Utilizando términos de Pablo de Tarso, podemos decir que Jesús no nos pide simplemente “competir”. Él va más allá, es exigente, nos llama a “ganar”. Es verdad que el primer lugar en la carrera tiene que esforzarse mucho y sufrir otro tanto, pero también es cierto que solo el primer lugar recibe el premio del ganador.

De la misma manera, ser santo requiere esfuerzo y sufrir la fatiga e incluso el “aburrimiento” de intentar vivir extraordinariamente cada momento ordinario de la vida, pero el premio amerita eso y mucho más: “El que me ame, será amado de mi Padre; y yo le amaré […] me manifestaré a él […] vendremos a él y haremos en él nuestra morada” (Jn 14,21-23).

Es verdad que ser santos implica tomar la cruz, pero eso es solo una parte de las implicaciones. La santidad como plenitud de la vida que busca todo cristiano, esconde todo un caudal de alegría y felicidad indescriptibles.

San Pablo, que durante su ajetreada vida tuvo que padecer mucho a causa de su decisión de seguir a Cristo hasta sus últimas consecuencias, hablaba del predicador de esta realidad como “servidor de la alegría” (cf. 2 Cor 1,24); alegría que no se identifica con el carcajeo estruendoso y ligero del mundo, sino con el gozo profundo y espiritual que brota del alma. No por casualidad, C.S. Lewis, un autor inglés converso, describió su encuentro con Dios en un libro titulado Cautivado por la Alegría.

Quien ha “palpado” o ha colaborado de alguna u otra manera en hacer que un alma experimente en esta vida el gozo de encontrarse con el amor irrepetible y eterno de Dios, no puede menos que dar la razón a aquel poeta que decía: “Loco debo de ser pues no soy santo” (cf. Lope de Vega).
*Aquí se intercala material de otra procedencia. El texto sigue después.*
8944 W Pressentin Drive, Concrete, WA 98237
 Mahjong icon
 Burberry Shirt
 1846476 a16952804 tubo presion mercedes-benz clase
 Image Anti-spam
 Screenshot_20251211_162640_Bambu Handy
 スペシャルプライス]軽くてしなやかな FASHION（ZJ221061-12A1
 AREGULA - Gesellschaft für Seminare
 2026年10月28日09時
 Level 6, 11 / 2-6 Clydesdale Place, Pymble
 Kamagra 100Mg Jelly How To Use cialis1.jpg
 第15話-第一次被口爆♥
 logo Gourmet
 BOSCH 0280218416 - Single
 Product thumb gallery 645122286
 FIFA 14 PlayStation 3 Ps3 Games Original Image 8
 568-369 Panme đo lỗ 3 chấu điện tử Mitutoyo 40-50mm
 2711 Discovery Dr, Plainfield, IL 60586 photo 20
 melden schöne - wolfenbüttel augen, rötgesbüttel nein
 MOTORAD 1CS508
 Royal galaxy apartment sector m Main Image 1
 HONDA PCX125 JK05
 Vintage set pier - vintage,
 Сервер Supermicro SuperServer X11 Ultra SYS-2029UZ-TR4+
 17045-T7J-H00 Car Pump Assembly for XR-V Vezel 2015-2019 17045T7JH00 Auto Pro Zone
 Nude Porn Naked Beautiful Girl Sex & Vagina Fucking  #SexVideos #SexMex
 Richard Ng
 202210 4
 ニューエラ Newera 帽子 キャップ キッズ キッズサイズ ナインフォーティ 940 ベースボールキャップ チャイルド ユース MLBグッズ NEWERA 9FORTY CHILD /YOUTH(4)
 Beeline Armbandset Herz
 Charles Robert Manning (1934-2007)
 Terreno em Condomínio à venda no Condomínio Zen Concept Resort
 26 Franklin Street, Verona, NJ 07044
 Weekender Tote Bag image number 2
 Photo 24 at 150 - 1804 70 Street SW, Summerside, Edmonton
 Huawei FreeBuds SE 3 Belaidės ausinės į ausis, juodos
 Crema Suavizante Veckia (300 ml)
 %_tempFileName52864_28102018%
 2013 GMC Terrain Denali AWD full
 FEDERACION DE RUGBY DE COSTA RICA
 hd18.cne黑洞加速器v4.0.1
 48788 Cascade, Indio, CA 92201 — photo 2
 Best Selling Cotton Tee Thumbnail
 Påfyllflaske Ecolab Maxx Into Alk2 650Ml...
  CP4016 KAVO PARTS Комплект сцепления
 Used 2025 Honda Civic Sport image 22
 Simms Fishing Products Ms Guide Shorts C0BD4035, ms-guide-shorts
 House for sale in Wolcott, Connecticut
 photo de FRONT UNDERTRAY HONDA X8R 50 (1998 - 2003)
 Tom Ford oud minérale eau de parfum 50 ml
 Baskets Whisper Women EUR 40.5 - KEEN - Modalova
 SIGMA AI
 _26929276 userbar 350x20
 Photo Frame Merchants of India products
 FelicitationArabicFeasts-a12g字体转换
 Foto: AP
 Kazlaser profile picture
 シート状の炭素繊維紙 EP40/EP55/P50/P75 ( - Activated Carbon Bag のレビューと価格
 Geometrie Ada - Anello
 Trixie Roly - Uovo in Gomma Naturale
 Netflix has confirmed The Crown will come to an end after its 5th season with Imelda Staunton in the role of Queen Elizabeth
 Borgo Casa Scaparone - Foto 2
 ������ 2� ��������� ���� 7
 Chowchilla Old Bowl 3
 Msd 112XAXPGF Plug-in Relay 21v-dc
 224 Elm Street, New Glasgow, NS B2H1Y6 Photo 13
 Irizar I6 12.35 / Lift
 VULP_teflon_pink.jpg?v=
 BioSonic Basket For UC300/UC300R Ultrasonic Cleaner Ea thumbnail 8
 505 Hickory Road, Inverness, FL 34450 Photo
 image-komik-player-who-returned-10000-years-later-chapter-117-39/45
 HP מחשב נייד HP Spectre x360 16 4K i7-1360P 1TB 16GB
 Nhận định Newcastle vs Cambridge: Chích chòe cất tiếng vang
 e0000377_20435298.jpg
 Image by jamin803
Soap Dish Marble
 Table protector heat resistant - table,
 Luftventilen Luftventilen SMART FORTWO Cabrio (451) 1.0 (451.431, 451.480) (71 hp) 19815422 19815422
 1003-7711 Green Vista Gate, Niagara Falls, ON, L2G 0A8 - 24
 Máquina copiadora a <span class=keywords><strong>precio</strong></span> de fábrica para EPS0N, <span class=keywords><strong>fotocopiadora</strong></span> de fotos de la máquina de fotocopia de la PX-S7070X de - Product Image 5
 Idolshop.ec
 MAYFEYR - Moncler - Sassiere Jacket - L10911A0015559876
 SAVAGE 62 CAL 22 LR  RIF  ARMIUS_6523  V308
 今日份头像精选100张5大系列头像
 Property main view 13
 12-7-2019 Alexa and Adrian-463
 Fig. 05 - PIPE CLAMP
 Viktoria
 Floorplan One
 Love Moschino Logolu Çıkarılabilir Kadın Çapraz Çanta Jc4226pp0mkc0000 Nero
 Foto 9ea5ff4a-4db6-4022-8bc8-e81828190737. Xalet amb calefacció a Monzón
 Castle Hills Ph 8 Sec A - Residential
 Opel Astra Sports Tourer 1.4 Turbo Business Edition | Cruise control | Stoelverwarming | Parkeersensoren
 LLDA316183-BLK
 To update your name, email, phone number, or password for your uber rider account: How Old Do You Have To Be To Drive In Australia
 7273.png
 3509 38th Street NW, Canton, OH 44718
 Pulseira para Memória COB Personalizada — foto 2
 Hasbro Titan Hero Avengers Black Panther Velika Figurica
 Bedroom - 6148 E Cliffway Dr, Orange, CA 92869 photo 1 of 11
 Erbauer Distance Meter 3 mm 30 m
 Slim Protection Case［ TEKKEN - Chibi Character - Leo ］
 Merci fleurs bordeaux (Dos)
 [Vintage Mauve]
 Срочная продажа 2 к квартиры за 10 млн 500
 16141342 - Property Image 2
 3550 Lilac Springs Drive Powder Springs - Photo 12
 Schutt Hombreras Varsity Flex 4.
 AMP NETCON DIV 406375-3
A pesar del panorama gris en el que el analfabetismo catequético nos ha ido sumiendo poco a poco, fue esperanzador constatar que el grupo de niños que encontró aquel catequista distinguía la hermosura de una vida vivida santamente. Ante personajes como Juan Pablo II y Teresa de Calcuta todos expresaban una profunda admiración y un tímido deseo de imitación.

En el cielo, lugar en el que reinaremos para siempre con Dios (cf. Ap 22,5), no habrá sino santos, sea que antes de entrar hayan tenido que purificar la mediocridad de sus almas, sea que hayan comenzado a disfrutarlo aquí en la tierra con una vida santa, una vida alegre.